Top of Exercise inputs

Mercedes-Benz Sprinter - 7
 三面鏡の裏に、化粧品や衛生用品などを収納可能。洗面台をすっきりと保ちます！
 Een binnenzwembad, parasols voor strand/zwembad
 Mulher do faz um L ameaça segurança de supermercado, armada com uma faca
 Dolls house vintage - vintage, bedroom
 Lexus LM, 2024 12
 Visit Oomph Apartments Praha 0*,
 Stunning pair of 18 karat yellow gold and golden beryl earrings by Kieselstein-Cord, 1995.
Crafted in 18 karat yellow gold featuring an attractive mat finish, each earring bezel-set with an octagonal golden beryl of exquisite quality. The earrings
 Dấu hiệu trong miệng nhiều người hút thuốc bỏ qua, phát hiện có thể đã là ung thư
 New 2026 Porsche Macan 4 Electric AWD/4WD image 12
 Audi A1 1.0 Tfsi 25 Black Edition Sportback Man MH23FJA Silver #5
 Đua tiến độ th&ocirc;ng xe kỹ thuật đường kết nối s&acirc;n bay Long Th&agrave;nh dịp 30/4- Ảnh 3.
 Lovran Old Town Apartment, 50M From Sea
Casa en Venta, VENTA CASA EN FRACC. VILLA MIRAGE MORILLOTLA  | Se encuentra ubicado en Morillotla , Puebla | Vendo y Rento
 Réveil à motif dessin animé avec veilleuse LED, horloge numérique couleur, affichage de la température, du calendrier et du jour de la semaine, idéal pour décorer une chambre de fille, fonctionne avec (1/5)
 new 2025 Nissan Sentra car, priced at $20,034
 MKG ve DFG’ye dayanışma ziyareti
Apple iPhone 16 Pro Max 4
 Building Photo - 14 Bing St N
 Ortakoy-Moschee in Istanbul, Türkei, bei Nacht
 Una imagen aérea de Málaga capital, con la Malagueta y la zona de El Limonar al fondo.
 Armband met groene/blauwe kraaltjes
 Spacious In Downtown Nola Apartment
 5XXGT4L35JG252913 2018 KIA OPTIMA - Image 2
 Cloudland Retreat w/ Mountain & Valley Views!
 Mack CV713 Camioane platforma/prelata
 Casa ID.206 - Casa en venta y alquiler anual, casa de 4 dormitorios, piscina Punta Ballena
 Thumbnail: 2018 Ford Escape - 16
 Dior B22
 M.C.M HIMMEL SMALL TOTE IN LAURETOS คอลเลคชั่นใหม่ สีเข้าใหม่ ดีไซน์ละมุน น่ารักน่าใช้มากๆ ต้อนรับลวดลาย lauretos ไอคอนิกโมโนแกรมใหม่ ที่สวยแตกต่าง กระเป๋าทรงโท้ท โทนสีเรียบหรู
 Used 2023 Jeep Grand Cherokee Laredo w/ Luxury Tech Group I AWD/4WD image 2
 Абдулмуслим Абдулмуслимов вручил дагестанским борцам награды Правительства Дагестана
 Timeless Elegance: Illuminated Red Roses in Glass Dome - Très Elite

Bottom of Exercise inputs

**Problem**. Each line above that includes the word "beryl" is to be copied.

**Answer section**.
 Stunning pair of 18 karat yellow gold and golden beryl earrings by Kieselstein-Cord, 1995.
Crafted in 18 karat yellow gold featuring an attractive mat finish, each earring bezel-set with an octagonal golden beryl of exquisite quality. The earrings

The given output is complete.